■ Given data:
[Start of Attachment]

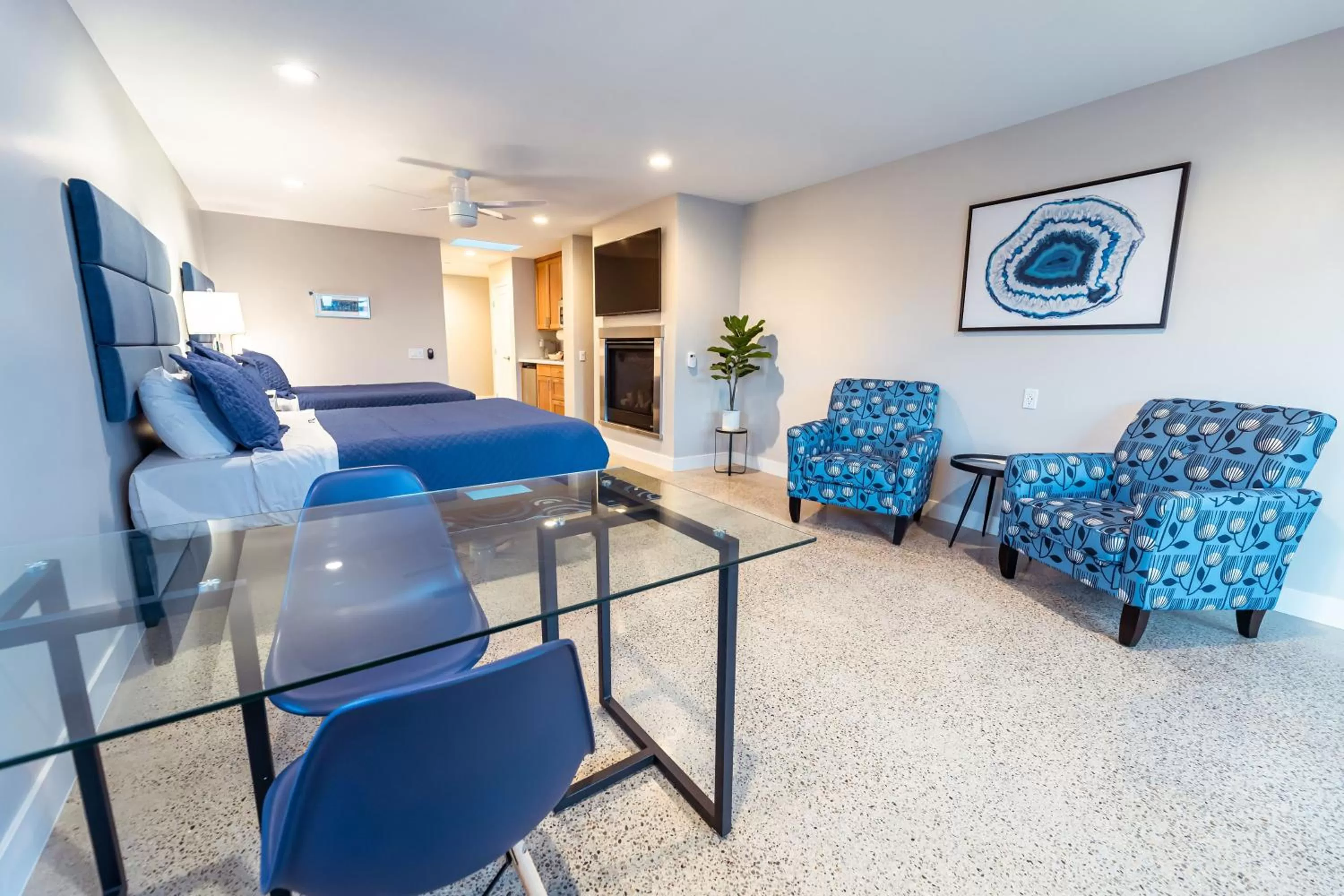 Seating Area in Baywood Inn Bed & Breakfast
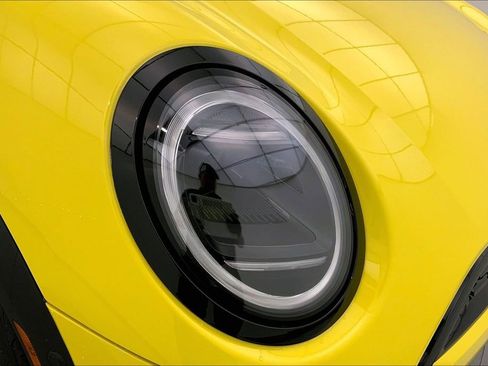 Certified 2025 MINI Cooper S image 27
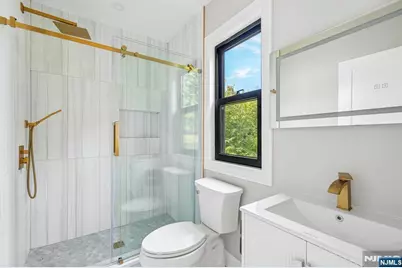 68 Livingston Avenue, Livingston, NJ 07039 - Photo 13
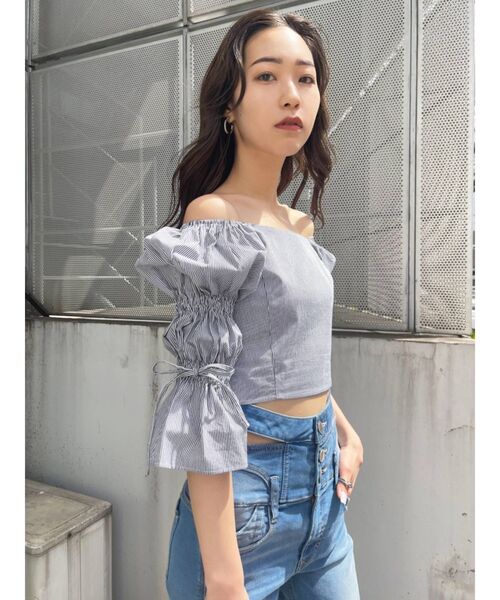 EMODA（エモダ）の「ボックスパフスリーブトップ（シャツ/ブラウス・レディース・ブラック/ベージュ/グレー/ブルー・FREE）」の15枚目の写真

[End of Attachment]

Exactly as written, restate the lines from the one that contains "68 Livingston Avenue, Livingston, NJ" through the final line of the data, both ends included, but leave out the pictures.

 68 Livingston Avenue, Livingston, NJ 07039 - Photo 13
 EMODA（エモダ）の「ボックスパフスリーブトップ（シャツ/ブラウス・レディース・ブラック/ベージュ/グレー/ブルー・FREE）」の15枚目の写真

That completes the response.